→ What to produce
Copy out the records that appear below, exactly as each one reads.

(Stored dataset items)

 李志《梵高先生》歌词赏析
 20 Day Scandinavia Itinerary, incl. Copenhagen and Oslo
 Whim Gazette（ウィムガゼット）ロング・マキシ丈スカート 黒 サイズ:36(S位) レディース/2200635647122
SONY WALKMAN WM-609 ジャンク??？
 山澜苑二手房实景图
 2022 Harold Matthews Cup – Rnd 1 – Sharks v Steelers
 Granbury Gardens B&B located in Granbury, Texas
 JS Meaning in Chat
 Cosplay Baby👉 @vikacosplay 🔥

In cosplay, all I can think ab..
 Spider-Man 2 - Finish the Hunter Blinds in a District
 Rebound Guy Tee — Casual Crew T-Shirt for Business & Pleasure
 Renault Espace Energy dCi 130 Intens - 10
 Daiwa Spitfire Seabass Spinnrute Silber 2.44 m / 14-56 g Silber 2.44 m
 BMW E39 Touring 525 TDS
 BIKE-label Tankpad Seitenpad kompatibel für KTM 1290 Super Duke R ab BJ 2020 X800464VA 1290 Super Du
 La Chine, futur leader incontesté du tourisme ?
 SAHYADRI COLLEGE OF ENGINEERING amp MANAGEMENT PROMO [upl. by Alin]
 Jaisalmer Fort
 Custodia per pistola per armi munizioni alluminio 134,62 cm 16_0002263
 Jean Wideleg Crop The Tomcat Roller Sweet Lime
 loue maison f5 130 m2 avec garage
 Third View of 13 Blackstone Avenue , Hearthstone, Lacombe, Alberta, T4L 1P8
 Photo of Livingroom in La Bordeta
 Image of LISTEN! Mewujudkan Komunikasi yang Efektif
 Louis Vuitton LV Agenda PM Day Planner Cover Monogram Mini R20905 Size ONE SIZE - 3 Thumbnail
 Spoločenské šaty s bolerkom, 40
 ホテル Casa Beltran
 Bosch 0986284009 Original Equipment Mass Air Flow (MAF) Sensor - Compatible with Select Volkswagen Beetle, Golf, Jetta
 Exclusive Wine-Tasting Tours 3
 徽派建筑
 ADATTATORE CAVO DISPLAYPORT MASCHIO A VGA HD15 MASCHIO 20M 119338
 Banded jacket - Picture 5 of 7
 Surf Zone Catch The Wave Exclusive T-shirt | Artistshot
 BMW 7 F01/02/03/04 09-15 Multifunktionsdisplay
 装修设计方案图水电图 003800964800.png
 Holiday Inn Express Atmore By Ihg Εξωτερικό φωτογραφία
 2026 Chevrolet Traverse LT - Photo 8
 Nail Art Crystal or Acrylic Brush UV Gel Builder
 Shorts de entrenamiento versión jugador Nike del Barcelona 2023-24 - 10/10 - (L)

→ Response for this exercise
 李志《梵高先生》歌词赏析
 20 Day Scandinavia Itinerary, incl. Copenhagen and Oslo
 Whim Gazette（ウィムガゼット）ロング・マキシ丈スカート 黒 サイズ:36(S位) レディース/2200635647122
SONY WALKMAN WM-609 ジャンク??？
 山澜苑二手房实景图
 2022 Harold Matthews Cup – Rnd 1 – Sharks v Steelers
 Granbury Gardens B&B located in Granbury, Texas
 JS Meaning in Chat
 Cosplay Baby👉 @vikacosplay 🔥

In cosplay, all I can think ab..
 Spider-Man 2 - Finish the Hunter Blinds in a District
 Rebound Guy Tee — Casual Crew T-Shirt for Business & Pleasure
 Renault Espace Energy dCi 130 Intens - 10
 Daiwa Spitfire Seabass Spinnrute Silber 2.44 m / 14-56 g Silber 2.44 m
 BMW E39 Touring 525 TDS
 BIKE-label Tankpad Seitenpad kompatibel für KTM 1290 Super Duke R ab BJ 2020 X800464VA 1290 Super Du
 La Chine, futur leader incontesté du tourisme ?
 SAHYADRI COLLEGE OF ENGINEERING amp MANAGEMENT PROMO [upl. by Alin]
 Jaisalmer Fort
 Custodia per pistola per armi munizioni alluminio 134,62 cm 16_0002263
 Jean Wideleg Crop The Tomcat Roller Sweet Lime
 loue maison f5 130 m2 avec garage
 Third View of 13 Blackstone Avenue , Hearthstone, Lacombe, Alberta, T4L 1P8
 Photo of Livingroom in La Bordeta
 Image of LISTEN! Mewujudkan Komunikasi yang Efektif
 Louis Vuitton LV Agenda PM Day Planner Cover Monogram Mini R20905 Size ONE SIZE - 3 Thumbnail
 Spoločenské šaty s bolerkom, 40
 ホテル Casa Beltran
 Bosch 0986284009 Original Equipment Mass Air Flow (MAF) Sensor - Compatible with Select Volkswagen Beetle, Golf, Jetta
 Exclusive Wine-Tasting Tours 3
 徽派建筑
 ADATTATORE CAVO DISPLAYPORT MASCHIO A VGA HD15 MASCHIO 20M 119338
 Banded jacket - Picture 5 of 7
 Surf Zone Catch The Wave Exclusive T-shirt | Artistshot
 BMW 7 F01/02/03/04 09-15 Multifunktionsdisplay
 装修设计方案图水电图 003800964800.png
 Holiday Inn Express Atmore By Ihg Εξωτερικό φωτογραφία
 2026 Chevrolet Traverse LT - Photo 8
 Nail Art Crystal or Acrylic Brush UV Gel Builder
 Shorts de entrenamiento versión jugador Nike del Barcelona 2023-24 - 10/10 - (L)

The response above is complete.